RECORDS SUPPLIED ->
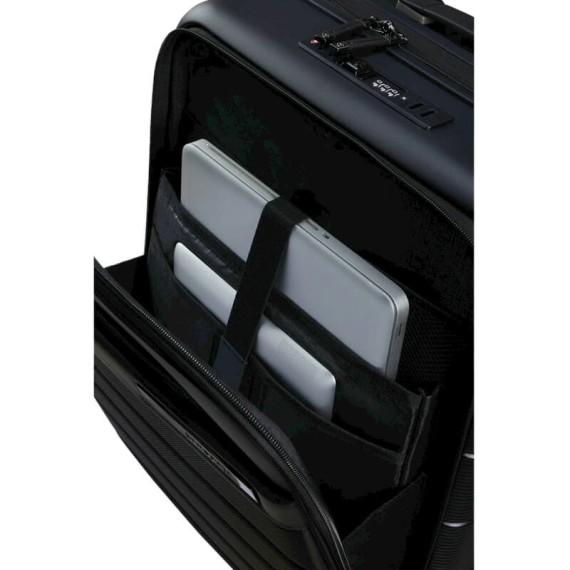 SAMSONITE Mala de Cabine / Trolley 55cm 4R Exp. Neopod Easy Access Preta | Ref. 92KH310209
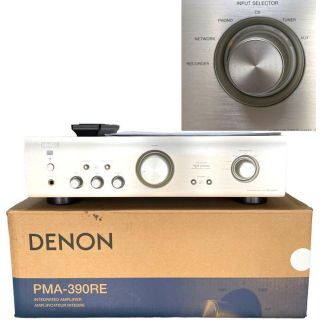 【極美品】DENON PMA-390RE プリメインアンプ デノン 元箱付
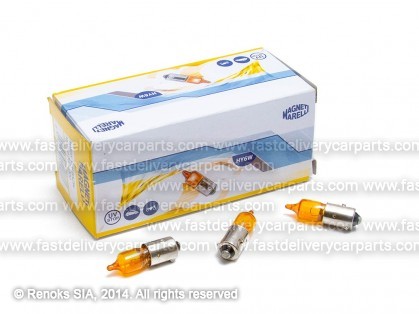 Bulb HY6W 12V yellow MARELLI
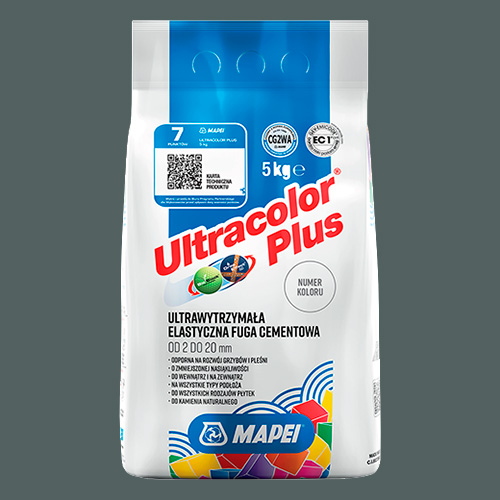 Затирка швов цементная Mapei Ultracolor Plus №174 Торнадо 5кг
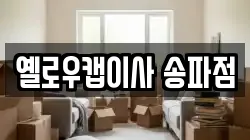 옐로우캡이사 송파점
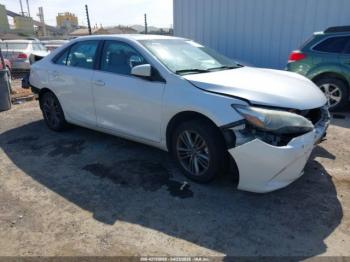  Salvage Toyota Camry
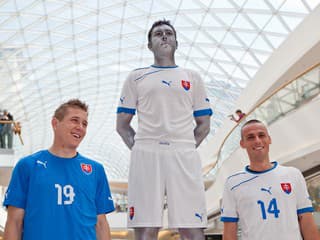slovenskí reprezentanti Juraj Kucka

WHAT YOU NEED TO DO -> Repeat all entries exactly. Skip the pictures.

ANSWER AREA ->
 SAMSONITE Mala de Cabine / Trolley 55cm 4R Exp. Neopod Easy Access Preta | Ref. 92KH310209
 【極美品】DENON PMA-390RE プリメインアンプ デノン 元箱付
 Bulb HY6W 12V yellow MARELLI
 Затирка швов цементная Mapei Ultracolor Plus №174 Торнадо 5кг
 옐로우캡이사 송파점
  Salvage Toyota Camry
slovenskí reprezentanti Juraj Kucka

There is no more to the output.